Category: News (Page 2 of 39)

race-by-race wrapups

PRO STOCK – BRAINERD

At the Lucas Oil Nationals in the remote resort lakes region of northern Minnesota, Cory Reed suffered his first real setback as a Pro Stock driver, losing the last way any driver would ever choose: on a holeshot.

Qualified in the back half of the field for the first time in his new career, Reed drew the toughest possible opponent right now – Aaron Stanfield, the hottest driver in drag racing with the possible exception of Funny Car sensation Austin Prock. With the second-quickest run of the entire event to that point, a 6.60 that would have put him on the pole had he run it during qualifying, he fell to Stanfield’s slower 6.61.

“I still make mistakes sometimes,” Reed allowed. “I mean, really I haven’t been doing this that long. For some reason, I wasn’t totally sure I had it in 3rd gear when I went to do the burnout. I stopped, went back through the gears, and I was in 3rd. I didn’t even need to do that, and all of a sudden it was like, ‘Get going – don’t make him wait.’ I swapped feet really quick – no line-loc. Then Joey [Gladstone] dropped his radio and I started laughing in the car. Then, I’m like, ‘You just screwed yourself, this is taking too long, but it’s still not too late. Get it together. Drive the car right.’ “

He did – after the launch. Reed’s reaction time came up .093, and Stanfield got him on a holeshot with an unspectacular .040, well below his season average (and, for that matter Reed’s). The rookie kept the car right down the center of the groove and nailed every shift but couldn’t overcome Stanfield’s head start or the behind-the-line shenanigans that ultimately proved his undoing.

“After all that, most people would stage wrong or red-light or drive the car like an idiot,” Reed said. “I was like, ‘OK dude, just relax. Think logically. Don’t try too hard on the light, and make sure you get a good run no matter what.’ And I did. My focus wasn’t totally on cutting a light or winning the round like it normally would be. I just concentrated on hitting my shift points and keeping the car perfectly straight.

“Down the track, that was probably the best I’ve ever driven, but I was pressing down so hard on the clutch pedal on the line that no matter what, I was going to be late,” he said. “That was probably a .040 or .050 light, actually – not great, but not terrible. But when you press down that hard, you’re screwed, especially against somebody like Stanfield. That guy’s not going to leave you a chance.”

TAFC – BRAINERD

Annie Whiteley put together another solid if unspectacular weekend at the Lucas Oil Nationals, one not unlike several others this season: she didn’t the race but went rounds, knocked off a top contender, and walked away rightfully encouraged about her team’s immediate future.

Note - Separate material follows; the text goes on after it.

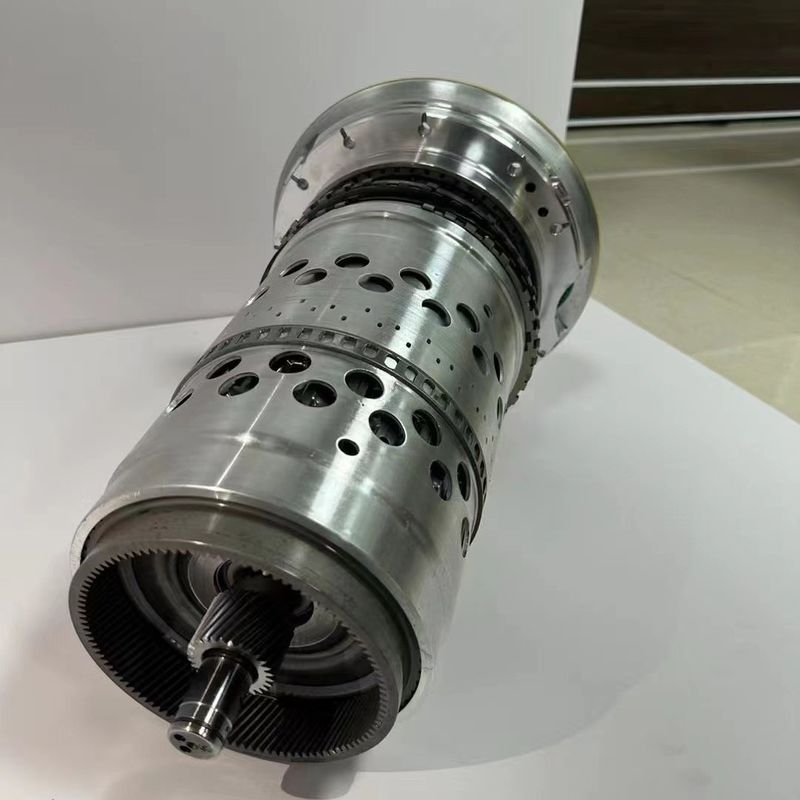 توضیحات قطعه L1MZ7000L OE کیت تعمیر اتوماتیک ۱۰ سرعت برای لینکلن Aviator 2022-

For the 13-year veteran, who reached her first national final here as a rookie in 2012, the clear-cut highlight was a huge first-round win over drag racing’s fastest-rising new star, Maddi Gordon, who, in her young career, already has established herself as a leaver. Gordon, who won her first major Top Alcohol Funny Car title at the Northwest Nationals three weeks ago, was more or less on time with a respectable .070 reaction time, but Whiteley had her all the way with an outstanding .027 light for a 5.51 to 5.50 holeshot win.

“I almost felt bad about it,” Whiteley said later. “I’d never want to see Maddi lose like that. I didn’t want to race her in the first place. I love her – her whole family, really. Who doesn’t?”

Neither team had much to go off of heading into the first round of eliminations. Nobody did. Delayed by repeated oil downs from the fuel cars, Top Alcohol Funny Car and Dragster racers sat around all day Friday and never did get to run. Saturday, when teams got what turned out to their only qualifying attempt, Whiteley laid down a 5.56 at 264.91 mph. Then the first round got pushed back to Sunday morning.

Momentum from winning that huge all-female first-round match ebbed a round later when Whiteley’s promising weekend was cut short by tire shake against eventual winner Bob McCosh. Again, she was off the line first with a clutch reaction time (.030), but this lead was short-lived. She went up in smoke almost immediately.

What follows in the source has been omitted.